Steve produit actuellement à partir de mycélium (l’appareil végétatif sur lequel pousse le champignon) qu’il se procure au Québec (sauf pour le shiitake qui provient de l’Ontario), mais son objectif est d’en arriver à produire lui-même ces blocs qui permettent aux champignons de pousser grâce à des conditions d’humidité, de température, de ventilation et de lumière contrôlées. Il confie avoir présentement un peu de difficulté à obtenir une régularité dans ses récoltes, mais travaille à trouver des solutions dans ce domaine où l’expertise, dans la province, est assez rare.

Même s’il produit depuis quelques mois seulement, il est parvenu à cultiver jusqu’à 400 livres de champignons par semaine au cours de l’été. On a pu s’en procurer notamment du côté des Allées Champs et à la Ferme des Possibles. « Là, je suis davantage à 150-200 livres hebdomadairement », mentionne-t-il. Il faut dire que les marchés fermiers ont fermé leurs portes pour l’hiver et qu’il ne lui reste donc plus que les distributeurs alimentaires pour vendre ses produits. 

C’est par eux que certains restaurants servent des champignons québécois, mais Steve voudrait bien faire connaître ses produits dans des cuisines de la région, ce qui semble difficile pour le moment. Il souhaiterait aussi qu’on puisse acheter ses champignons dans les supermarchés de la région, ce qui demande de longues démarches.

Dans son entreprise, Steve Rousseau est unique propriétaire pour le moment. Sa mère et le conjoint de celle-ci viennent lui donner un coup de main, particulièrement pour rénover les locaux, tout comme son père qui vient aussi donner de son temps. Il a donc toute la production sur les épaules, de même que la livraison. Cela lui demande tout son temps, en plus de ses projets d’agrandissement qui lui permettront d’augmenter la superficie de production en plus d’aménager un laboratoire et un système de pasteurisation pour le mycélium qu’il envisage de faire. Il songe actuellement, et fait des démarches en ce sens, à fusionner avec une autre champignonnière, ce qui permettrait de partager les risques et les avantages.

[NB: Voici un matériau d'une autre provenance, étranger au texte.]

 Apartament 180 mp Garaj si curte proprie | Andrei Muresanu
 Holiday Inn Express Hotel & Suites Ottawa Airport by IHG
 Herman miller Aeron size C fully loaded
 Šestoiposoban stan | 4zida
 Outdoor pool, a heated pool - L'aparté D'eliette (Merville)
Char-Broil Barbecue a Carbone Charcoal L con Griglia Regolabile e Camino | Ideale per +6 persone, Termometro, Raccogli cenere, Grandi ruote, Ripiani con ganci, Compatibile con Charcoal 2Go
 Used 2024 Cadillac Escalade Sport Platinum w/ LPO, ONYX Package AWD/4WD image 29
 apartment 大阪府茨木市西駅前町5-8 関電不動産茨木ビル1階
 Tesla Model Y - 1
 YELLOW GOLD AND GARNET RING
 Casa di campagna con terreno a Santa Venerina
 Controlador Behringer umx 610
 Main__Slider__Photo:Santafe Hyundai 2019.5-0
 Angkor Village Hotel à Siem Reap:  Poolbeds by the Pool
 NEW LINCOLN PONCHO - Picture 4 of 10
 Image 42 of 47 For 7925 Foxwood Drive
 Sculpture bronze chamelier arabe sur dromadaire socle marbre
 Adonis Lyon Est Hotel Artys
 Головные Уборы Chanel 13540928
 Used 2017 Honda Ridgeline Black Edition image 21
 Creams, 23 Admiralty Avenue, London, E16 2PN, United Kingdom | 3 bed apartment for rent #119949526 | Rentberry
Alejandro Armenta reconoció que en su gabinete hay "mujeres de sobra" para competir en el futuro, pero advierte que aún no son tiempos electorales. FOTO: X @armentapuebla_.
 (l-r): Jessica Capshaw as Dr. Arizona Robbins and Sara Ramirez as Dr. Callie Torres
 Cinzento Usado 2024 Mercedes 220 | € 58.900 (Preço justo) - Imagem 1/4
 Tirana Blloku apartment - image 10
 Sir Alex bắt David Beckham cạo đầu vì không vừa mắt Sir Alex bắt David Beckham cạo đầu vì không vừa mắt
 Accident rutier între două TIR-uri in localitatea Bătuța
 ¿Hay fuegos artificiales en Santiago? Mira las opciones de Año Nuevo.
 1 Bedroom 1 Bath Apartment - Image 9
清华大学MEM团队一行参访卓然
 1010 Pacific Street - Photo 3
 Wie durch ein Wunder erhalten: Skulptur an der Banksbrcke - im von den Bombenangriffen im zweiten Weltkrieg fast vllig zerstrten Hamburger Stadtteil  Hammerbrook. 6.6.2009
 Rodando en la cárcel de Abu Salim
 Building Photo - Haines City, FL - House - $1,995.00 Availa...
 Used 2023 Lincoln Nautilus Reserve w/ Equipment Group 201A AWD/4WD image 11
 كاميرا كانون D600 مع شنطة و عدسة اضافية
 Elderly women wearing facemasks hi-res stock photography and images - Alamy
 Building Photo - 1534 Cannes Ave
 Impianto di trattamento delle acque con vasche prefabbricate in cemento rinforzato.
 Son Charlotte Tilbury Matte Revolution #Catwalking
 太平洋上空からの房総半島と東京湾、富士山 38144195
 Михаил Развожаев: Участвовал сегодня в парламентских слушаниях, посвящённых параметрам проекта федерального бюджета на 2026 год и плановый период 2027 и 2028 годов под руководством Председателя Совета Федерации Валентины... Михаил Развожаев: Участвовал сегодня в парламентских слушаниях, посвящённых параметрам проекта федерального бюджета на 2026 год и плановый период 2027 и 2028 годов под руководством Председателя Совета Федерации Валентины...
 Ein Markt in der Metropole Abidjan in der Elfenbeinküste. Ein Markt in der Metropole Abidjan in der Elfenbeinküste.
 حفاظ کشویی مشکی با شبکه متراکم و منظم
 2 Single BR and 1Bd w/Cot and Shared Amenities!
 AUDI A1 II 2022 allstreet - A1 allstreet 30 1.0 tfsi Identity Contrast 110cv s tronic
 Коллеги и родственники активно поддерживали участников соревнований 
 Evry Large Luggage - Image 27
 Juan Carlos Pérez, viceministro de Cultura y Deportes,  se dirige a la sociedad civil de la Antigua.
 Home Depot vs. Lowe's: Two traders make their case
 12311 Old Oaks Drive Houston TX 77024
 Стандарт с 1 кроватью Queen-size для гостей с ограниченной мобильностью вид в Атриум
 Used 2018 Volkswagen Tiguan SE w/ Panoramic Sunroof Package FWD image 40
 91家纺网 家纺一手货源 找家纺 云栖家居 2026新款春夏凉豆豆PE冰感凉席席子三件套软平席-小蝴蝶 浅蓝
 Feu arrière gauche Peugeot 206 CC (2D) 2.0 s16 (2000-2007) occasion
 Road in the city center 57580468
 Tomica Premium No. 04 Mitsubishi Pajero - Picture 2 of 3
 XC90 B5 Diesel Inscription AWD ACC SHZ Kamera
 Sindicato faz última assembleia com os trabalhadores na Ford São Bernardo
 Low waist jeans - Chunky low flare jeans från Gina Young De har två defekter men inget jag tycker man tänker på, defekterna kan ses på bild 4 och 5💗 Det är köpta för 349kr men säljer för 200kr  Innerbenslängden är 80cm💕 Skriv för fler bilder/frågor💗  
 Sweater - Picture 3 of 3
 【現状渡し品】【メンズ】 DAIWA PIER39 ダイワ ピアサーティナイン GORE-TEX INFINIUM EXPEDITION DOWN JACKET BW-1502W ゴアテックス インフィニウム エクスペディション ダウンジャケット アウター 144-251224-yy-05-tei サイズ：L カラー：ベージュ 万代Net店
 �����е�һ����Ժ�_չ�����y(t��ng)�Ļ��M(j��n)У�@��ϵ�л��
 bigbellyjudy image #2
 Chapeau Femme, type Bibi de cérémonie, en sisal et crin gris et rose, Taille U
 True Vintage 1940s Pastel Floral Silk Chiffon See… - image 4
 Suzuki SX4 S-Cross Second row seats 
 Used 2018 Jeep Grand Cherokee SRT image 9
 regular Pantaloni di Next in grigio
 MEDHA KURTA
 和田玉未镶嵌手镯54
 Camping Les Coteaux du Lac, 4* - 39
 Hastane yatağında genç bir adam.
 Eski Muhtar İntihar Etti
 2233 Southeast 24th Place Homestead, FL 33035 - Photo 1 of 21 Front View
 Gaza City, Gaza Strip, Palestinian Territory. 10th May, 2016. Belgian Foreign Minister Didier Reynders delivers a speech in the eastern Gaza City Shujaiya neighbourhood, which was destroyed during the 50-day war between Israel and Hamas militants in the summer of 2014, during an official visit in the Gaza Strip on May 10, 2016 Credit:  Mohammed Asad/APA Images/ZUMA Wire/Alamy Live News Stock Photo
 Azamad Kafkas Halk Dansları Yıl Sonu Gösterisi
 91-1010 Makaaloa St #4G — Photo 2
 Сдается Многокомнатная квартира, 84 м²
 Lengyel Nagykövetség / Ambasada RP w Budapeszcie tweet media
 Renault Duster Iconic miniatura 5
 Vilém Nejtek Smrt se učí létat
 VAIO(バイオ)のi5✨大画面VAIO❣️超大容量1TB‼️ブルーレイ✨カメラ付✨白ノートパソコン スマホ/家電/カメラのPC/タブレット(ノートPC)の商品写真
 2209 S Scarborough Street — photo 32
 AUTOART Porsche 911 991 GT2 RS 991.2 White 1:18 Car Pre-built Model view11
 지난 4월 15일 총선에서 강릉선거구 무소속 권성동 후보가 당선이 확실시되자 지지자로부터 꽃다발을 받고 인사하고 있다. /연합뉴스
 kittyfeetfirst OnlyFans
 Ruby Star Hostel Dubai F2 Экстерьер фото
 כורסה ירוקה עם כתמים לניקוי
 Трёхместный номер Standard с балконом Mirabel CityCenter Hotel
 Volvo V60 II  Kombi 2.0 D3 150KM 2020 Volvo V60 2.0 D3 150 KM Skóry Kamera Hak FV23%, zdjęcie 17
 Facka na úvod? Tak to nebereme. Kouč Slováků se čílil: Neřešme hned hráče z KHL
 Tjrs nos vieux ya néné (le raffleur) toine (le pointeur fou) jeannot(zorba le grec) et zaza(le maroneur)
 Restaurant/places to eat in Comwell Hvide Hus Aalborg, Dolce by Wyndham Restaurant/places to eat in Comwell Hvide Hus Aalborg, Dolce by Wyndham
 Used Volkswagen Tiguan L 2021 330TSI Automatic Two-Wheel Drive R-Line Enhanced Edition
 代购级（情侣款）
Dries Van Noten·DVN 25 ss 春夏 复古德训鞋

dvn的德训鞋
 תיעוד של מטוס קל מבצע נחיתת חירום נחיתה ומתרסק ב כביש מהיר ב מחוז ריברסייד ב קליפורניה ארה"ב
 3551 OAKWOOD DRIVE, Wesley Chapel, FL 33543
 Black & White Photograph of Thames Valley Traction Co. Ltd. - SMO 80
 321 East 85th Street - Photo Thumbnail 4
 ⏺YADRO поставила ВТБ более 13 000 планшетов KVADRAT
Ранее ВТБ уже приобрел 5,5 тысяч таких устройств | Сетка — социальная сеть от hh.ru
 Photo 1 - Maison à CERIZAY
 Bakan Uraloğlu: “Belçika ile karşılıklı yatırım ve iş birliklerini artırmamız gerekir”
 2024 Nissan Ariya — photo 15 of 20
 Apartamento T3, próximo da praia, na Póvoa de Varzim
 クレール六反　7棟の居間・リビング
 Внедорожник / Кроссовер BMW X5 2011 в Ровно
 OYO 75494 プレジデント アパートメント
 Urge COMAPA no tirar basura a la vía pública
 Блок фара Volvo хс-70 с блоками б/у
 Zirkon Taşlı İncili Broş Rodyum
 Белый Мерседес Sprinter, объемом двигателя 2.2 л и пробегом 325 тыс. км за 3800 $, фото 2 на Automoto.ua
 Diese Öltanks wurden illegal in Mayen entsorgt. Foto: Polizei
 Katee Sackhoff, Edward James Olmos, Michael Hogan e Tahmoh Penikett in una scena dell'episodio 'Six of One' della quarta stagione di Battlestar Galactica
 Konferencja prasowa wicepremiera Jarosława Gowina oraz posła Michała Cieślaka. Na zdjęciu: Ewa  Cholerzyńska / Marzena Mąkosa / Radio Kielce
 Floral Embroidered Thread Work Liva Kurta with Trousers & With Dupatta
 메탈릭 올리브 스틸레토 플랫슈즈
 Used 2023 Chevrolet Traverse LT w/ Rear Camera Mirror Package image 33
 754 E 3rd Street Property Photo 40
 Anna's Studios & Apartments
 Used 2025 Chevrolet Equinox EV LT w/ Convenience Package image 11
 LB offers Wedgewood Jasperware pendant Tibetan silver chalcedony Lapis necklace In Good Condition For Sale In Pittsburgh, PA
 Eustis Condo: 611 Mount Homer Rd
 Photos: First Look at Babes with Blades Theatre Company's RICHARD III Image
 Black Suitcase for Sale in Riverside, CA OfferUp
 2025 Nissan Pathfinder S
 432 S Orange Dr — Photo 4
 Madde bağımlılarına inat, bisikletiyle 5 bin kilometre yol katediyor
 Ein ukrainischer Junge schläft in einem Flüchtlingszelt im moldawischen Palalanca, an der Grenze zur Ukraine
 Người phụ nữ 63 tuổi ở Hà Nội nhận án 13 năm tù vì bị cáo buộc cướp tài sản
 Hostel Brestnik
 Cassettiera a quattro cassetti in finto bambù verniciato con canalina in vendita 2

Donc, même s’il conserve sa terre à Saint-Antoine, il n’a pas l’intention d’y faire la culture maraîchère à court terme. « Mais je la garde » insiste-t-il. Steve se trouve bien au Centre-du-Québec, d’où il peut facilement rayonner dans une grande partie de la province. Il estime qu’il y a de l’avenir dans la culture des champignons puisque chez les consommateurs, le goût pour cet aliment se développe. En plus, cette production agricole se réalise toute l’année, même dans notre climat nordique, ce qui est un avantage notable. Pour Steve, qui s’était donné comme défi de démarrer sa ferme il y a sept ans, il faut trouver un nouvel objectif. « Je veux couper l’importation de l’Ontario et de la Chine », espère-t-il, en parlant des champignons bien entendu. Il estime qu’il y a véritablement un marché à prendre et que, pour ce faire, il faut être compétitif.

Il continue d’avoir plein d’idées et de projets en tête, notamment d’installer des serres de culture maraîchère qui pourraient être alimentées par la chaleur générée par le mycélium ou encore d’ouvrir une boutique. « Je n’ai pas l’intention de ralentir », termine-t-il.